Town Clerk Nancy A. Brooks ruled Wednesday that Black’s petitions — which called for splitting the town into four wards and enacting a new set of town board meeting bylaws — were invalid because they did not comply with election law.
Brooks found that the petitions did not contain enough valid signatures. Her decision says that the 400-or-so signatures on each petition were not accompanied by listing of the signer’s town of residence, thus making the signatures invalid.
The town bylaw petition also did not have statutory authority, Brooks’ decision said, meaning creating meeting bylaws isn’t allowed because town law does not permit it.
Town Attorney Michael J. Norris said according to election law, a separate column was needed on the petitions allowing signers to put their town of residence. Some of the signers did write Lockport next to their addresses.

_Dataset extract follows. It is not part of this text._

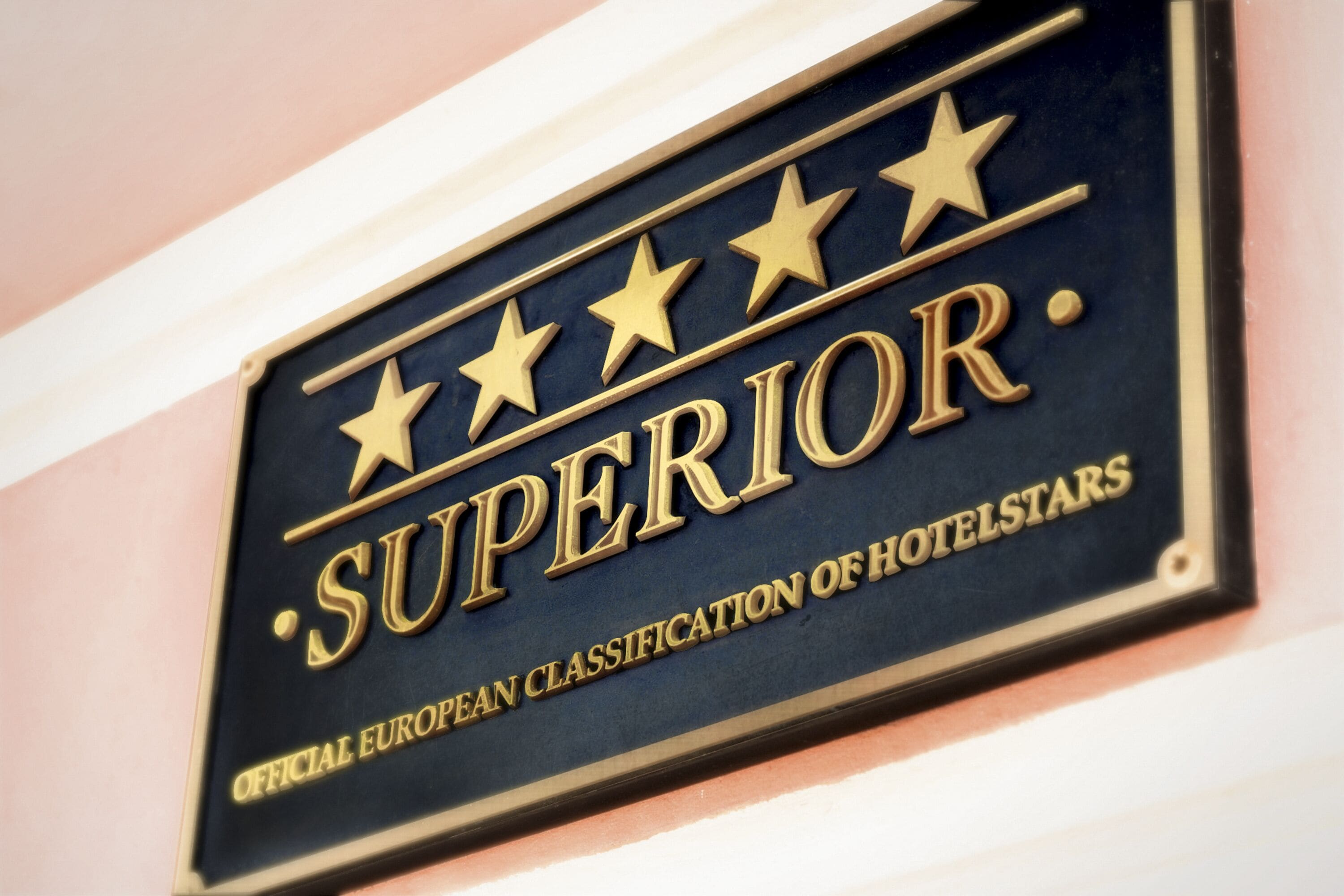 A sign with the text 'SUPERIOR' and 'OFFICIAL EUROPEAN CLASSIFICATION OF HOTELSTARS'.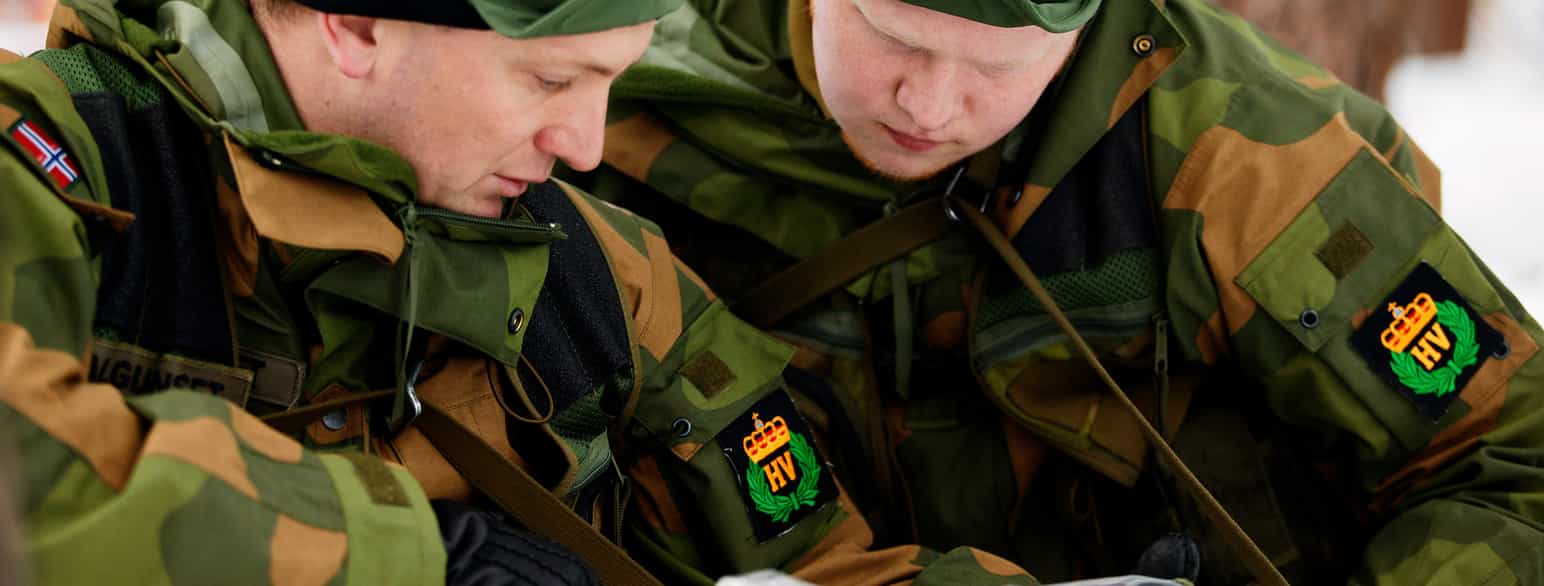 Foto. Nærbilete av to soldatar i grøne uniformar som ser ned på noko som den eine held. På erma har dei merke der det står HV.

A petition needs 322 valid signatures — 5 percent of town residents who voted in the last gubernatorial election — in order to become a referendum for voters to consider in November.
“I’m disappointed,” Black said, adding that he did not feel bitter or malice toward anyone.
Earlier this month, Black filed the petitions to try getting referendums going. He wanted town residents to decide whether the town should be divided into four wards and town board members elected from those wards, as happens in many cities including the City of Lockport; and he also wanted residents to decide whether to set some new rules for town board meetings.
Black also proposed town meeting bylaws including: all board meetings, regular and work sessions, would be held during evening hours only; board votes on business would take place at the regular meetings only; and punitive measures by the board — such as barring a resident from addressing the board — would be limited to a single meeting.
Brooks’ ruling could be challenged in an Article 78 proceeding in New York State Supreme Court, Norris said. However, the deadline for that isn’t clear in the election law, he added.
Black said Wednesday he was unsure whether or not he would challenge the ruling, mainly because of the cost to do so.
”But I really think I have the grounds to have this reversed,” Black said.
Black wanted to submit a letter prior to Brooks making the decision, but submitted it on Wednesday unaware that Brooks was making her ruling. The letter was a response to the objections filed last week to Black’s petitions by resident and alternate Planning Board member Thomas Grzebinski.
In the letter, Black charges that while he received a copy of Grzebinski’s objections on Sept. 14, that the petitions should be allowed on the ballot because he did not receive the objections from Grzebinski. Black said election law 6294.1(b) and 6215.7(b) say objections to petitions cannot be considered unless “the objector filing the specifications personally delivers or mails by registered or certified mail a duplicate copy of the specification to each candidate.”